Illegal boats have arrived by the dozen. The government has searched for any policy but the coalition's policy that has actually worked. Finally, it came up with this proposal with the Malaysian government to send people to Malaysia in what is a five-for-one people swap. This was announced in May, just before the budget, and since that announcement 1,000 people have been smuggled into Australia illegally. Since the agreement was signed, 400 people have come to Australia illegally. Clearly, the Malaysian policy is deeply ineffective, and not only for the human rights consequences that have been outlined by previous speakers. The government has no answer to the legitimate question of what its policy will be once that 800 cap has been reached. We have asked that in this parliament on many, many occasions and the government has absolutely no answer to it.
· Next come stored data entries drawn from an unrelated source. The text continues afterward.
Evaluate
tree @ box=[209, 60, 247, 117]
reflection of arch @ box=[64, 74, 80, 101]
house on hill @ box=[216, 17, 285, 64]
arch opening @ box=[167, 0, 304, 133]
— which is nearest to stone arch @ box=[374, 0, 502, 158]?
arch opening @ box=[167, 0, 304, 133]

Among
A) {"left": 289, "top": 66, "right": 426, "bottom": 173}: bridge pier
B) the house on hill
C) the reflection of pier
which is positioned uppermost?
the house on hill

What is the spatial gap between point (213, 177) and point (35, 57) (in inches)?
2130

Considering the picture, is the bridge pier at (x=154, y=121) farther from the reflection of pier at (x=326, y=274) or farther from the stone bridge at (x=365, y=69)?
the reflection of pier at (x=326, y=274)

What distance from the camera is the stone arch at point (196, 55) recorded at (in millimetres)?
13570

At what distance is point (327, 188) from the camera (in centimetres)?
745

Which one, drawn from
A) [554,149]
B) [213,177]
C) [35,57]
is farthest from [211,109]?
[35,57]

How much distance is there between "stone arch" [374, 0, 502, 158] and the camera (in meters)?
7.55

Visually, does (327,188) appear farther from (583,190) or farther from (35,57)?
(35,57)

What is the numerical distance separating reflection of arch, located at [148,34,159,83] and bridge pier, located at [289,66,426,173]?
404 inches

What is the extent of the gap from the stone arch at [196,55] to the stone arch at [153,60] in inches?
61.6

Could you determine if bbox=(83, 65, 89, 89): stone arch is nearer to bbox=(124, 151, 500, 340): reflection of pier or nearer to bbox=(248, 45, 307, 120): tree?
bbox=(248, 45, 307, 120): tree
Our problem with the Malaysia arrangement is that it is unnecessarily cruel. Despite the government's protestations, the people we send there will surely not have their human rights protected in a way we would expect if they were processed in an Australian-run facility. The government has absolutely no response to the reasonable question about what it is going to do once that policy reaches its use-by date. It is only 800 people. We have had 1,000 people arrive since the policy was announced and 600 people arrive since the agreement was signed.
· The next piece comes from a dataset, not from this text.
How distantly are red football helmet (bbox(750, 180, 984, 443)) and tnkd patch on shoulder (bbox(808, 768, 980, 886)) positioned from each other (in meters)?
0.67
The response of the government to the High Court ruling, which was that the Malaysian arrangement was not in keeping with Australian legislation, was to march into this place and ask the parliament to accept amendments to the Migration Act that strip away all of the basic protections that the Howard government had put into that act when we faced similar policy dilemmas in 2001. This is a government that has shown incredible incompetence and a complete inability to have any resolve or conviction about its border protection policies, that has literally embraced every available policy except one that is going to work and that has marched into this place and asked this parliament to give it unfettered powers with no safeguards under the Migration Act. The opposition say no, we are not going to accept that proposal, although we will of course facilitate this government doing offshore processing. But we insist that it be done—as Labor has said on many, many occasions—in a country that is a signatory to the UN refugee convention.

If you are going to protect Australia's borders then you need to send a very strong message to the criminal gangs that smuggle people here. You need to have some resolve and you need to have a policy platform that is going to work and that you are prepared to stick to when it comes under criticism or under pressure. We have had the same policy for 10 years. We know that it works because it has worked in the past. (Time expired)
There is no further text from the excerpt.